Auf der Grundlage dieses „Normautomatismus“ (wenn nicht von der generellen Norm umfasst, dann Gegenstand eines Individualverfahrens) und aus dem Umstand, dass die Ausnahmeermächtigung zu Gunsten des Bürgermeisters – so wie die Aufzählung der Ausnahmen – einen eigenen Absatz im Text der schriftlichen Ergänzungen des Flächenwidmungsplans darstellt, ist darüber hinaus eindeutig ersichtlich, dass die dort formulierte Befugnis gerade nicht jene Vorhaben betrifft, die ohnehin schon einem gesonderten Verfahren zugewiesen sind, sondern bedeutet, dass der Bürgermeister in die Lage versetzt werden soll, auch innerhalb des Verordnungsregimes Ausnahmen zuzulassen.
Damit aber schließt der Flächenwidmungsplan die Errichtung von Werbe- und Ankündigungseinrichtungen nicht umfassend aus. Konsequenter Weise ist daher der Anzeige der Bf (auch) der Erklärungswille beizumessen, eben eine solche Ausnahme des Bürgermeisters in Anspruch nehmen zu wollen.
Betrachtet man nun die Anforderungen des Gesetzgebers an das abzuführende Individualverfahren, dann kommt man zwangsläufig zum Schluss, dass die Baubehörde den entscheidungswesentlichen Sachverhalt nicht nur in maßgeblichen Punkten nicht, sondern gar nicht beurteilt hat, dies aber – will man dem Flächenwidmungsplan nicht tatsächlich die Ermächtigung zur Willkürübung unterstellen – hätte tun müssen. Dass es sich dabei um einen Anwendungsfall des § 28 Abs.3 Satz 2 VwGVG handelt ist auf der Grundlage der gerade jüngst präzisierten Judikatur des VwGH unstrittig.

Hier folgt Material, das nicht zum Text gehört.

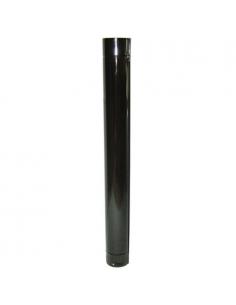 Wolfpack Tubo de Estufa Acero Vitrificado Negro Ø 110 mm. Ideal Estufas de Leña, Chimenea, Alta resistencia, Color Negro - Image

IV. Im Ergebnis ist daher festzuhalten, dass seitens der Baubehörde das Anzeigeverfahren über das eingereichte Vorhaben der Bf durchzuführen ist. Durch diese Entscheidung wird der Ausgang dieses Verfahrens aber in keiner Weise präjudiziert.
V. Zulässigkeit der ordentlichen Revision:
Die ordentliche Revision ist für die belangte Behörde und die revisionsberechtigte Formalpartei unzulässig, da keine Rechtsfrage im Sinne des Art. 133 Abs. 4 B-VG zu beurteilen war, der grundsätzliche Bedeutung zukommt. Weder weicht die gegenständliche Entscheidung von der bisherigen Rechtsprechung des Verwaltungsgerichtshofes ab, noch fehlt es an einer Rechtsprechung. Weiters ist die dazu vorliegende Rechtsprechung des Verwaltungsgerichtshofes auch nicht als uneinheitlich zu beurteilen. Ebenfalls liegen keine sonstigen Hinweise auf eine grundsätzliche Bedeutung der zu lösenden Rechtsfrage vor.
R e c h t s m i t t e l b e l e h r u n g
Gegen diesen Beschluss besteht innerhalb von sechs Wochen ab dem Tag der Zustellung die Möglichkeit der Erhebung einer Beschwerde beim Verfassungsgerichtshof und/oder einer außerordentlichen Revision beim Verwaltungsgerichtshof. Eine Beschwerde an den Verfassungsgerichtshof ist unmittelbar bei diesem einzubringen, eine Revision an den Verwaltungsgerichtshof beim Landesverwaltungsgericht Oberösterreich. Die Abfassung und die Einbringung einer Beschwerde bzw. einer Revision müssen durch einen bevollmächtigten Rechtsanwalt bzw. eine bevollmächtigte Rechtsanwältin erfolgen. Für die Beschwerde bzw. Revision ist eine Eingabegebühr von je 240.- Euro zu entrichten.